First Chess Lesson (7/22)
I want to use this blog to keep track of the things Jeffrey tells me at lessons. This is late, but in the future, I'll be more timely and complete.
1. We worked on the rook-and-king and queen-and-king endgames - Jeffrey with just a king, and me with the two pieces pushing him around the board. The queen was so simple! The rook took me a few tries, and I'm still not satisfied with my ability to recreate it every time. The difference is that the rook can be taken, whereas the enemy king can't get close to the queen (unless you really screw up) since it can move diagonally.
Dean and I were practicing at home on Thursday night, and he has a more systematic way of checking with a rook-and-king. There are set steps, and you just rinse and repeat. I will try to add a diagram or animation illustrating the differences for myself once I figure out how. The way Jeffrey taught me, or at least what I took away from it, is quicker, but it's easier to screw up.
2. Three questions to ask myself every time it's my turn:
Am I defending?
Am I attacking?
Am I building up?
Your priorities (and therefore your move) will follow from there.

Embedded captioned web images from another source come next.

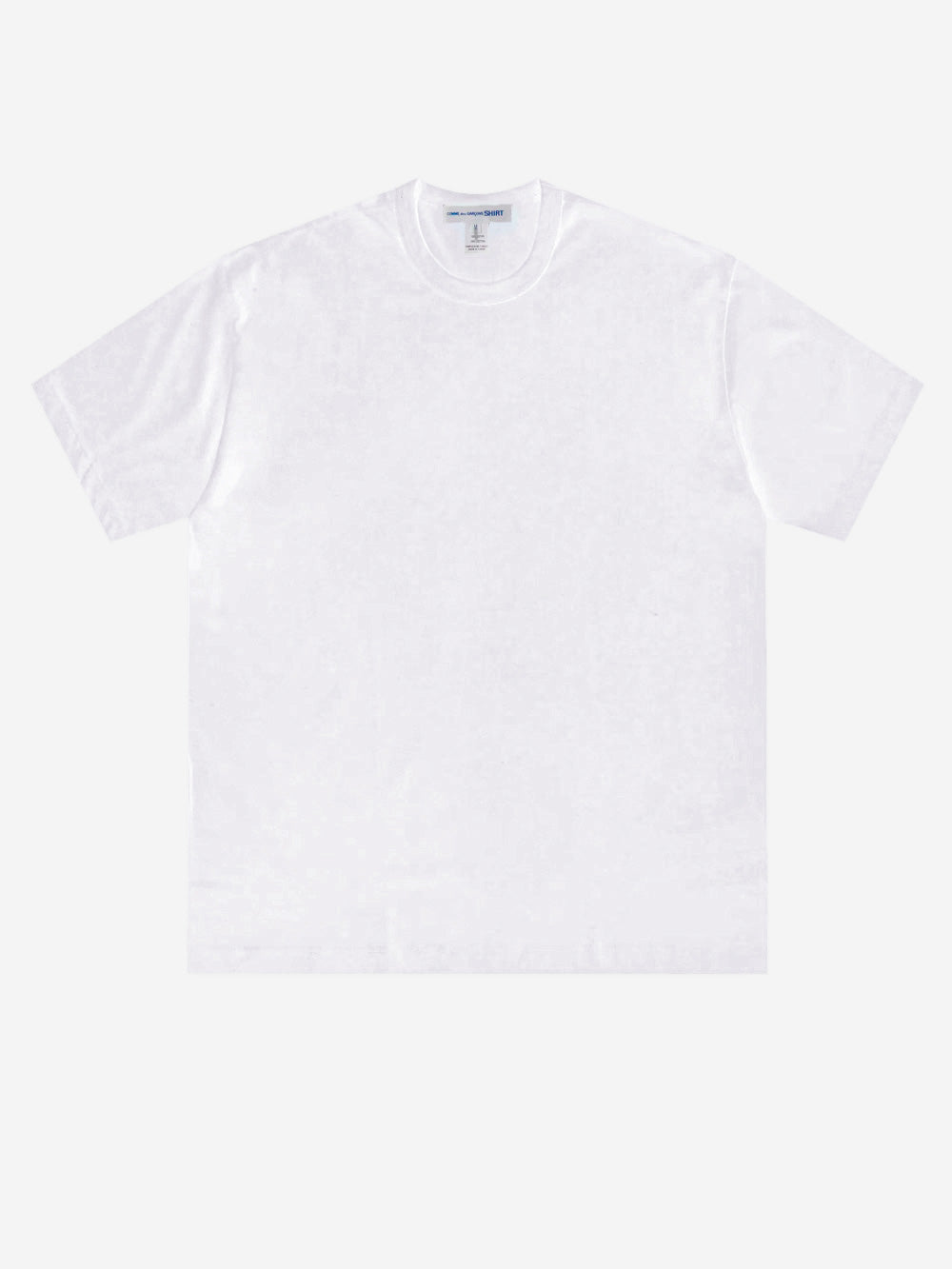 COMME DES GARCONS SHIRT T-shirt oversize Bianco Urbanstaroma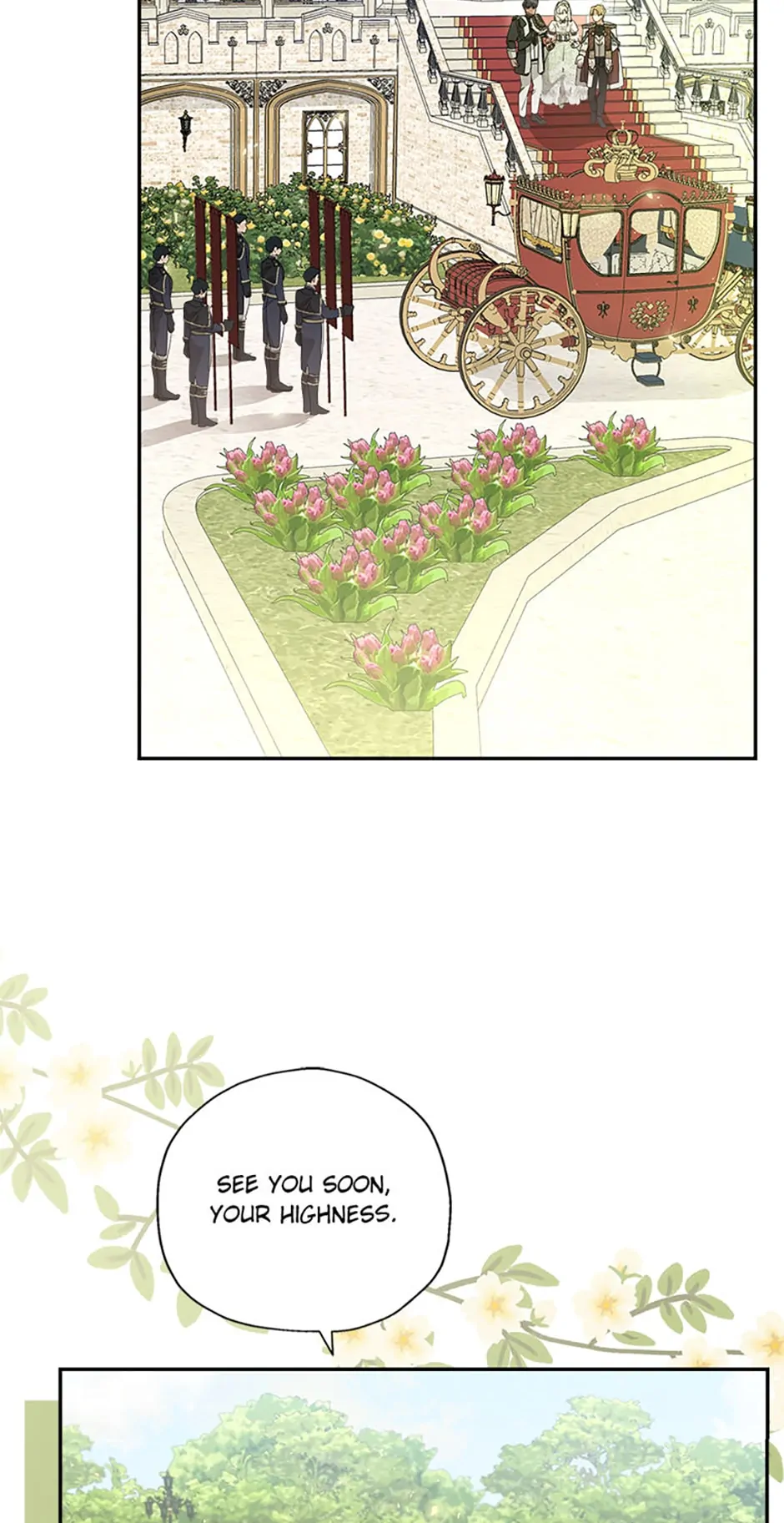 When The Count’s Illegitimate Daughter Gets Married Chapter 67 page 50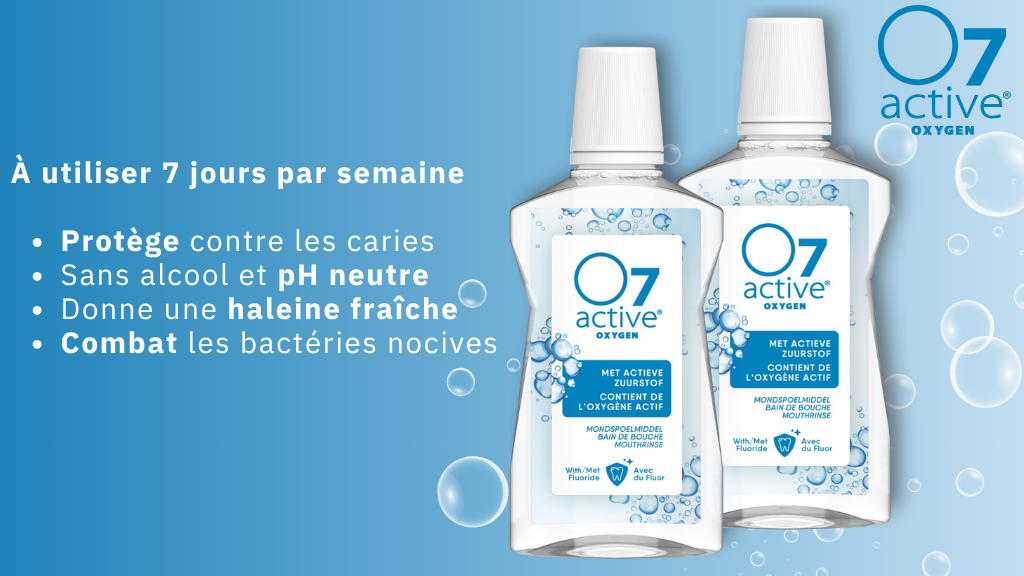 O7 Active Oxygen bain de bouche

3. Sweep the board! Just because you found one good move doesn't mean there aren't others. Look at the whole board.
4. On a related note, beware of tunneling. Don't focus on a single part of the board or a single series of moves you want to do, and don't assume that an opponent will move the way you want them to just because you're excited about a tactic. I lost more pieces this way.
5. Keep your hands beneath the table until you're ready to move. Look with your eyes, not your hands. Touch-move is a bastard.
6. Keep your hands beneath the table until you're ready to move.
7. Keep your hands beneath the table until you're ready to move.
8. SERIOUSLY STOP TOUCHING THINGS, ARK!
9. Homework: do tactics on chess.com. Tomorrow.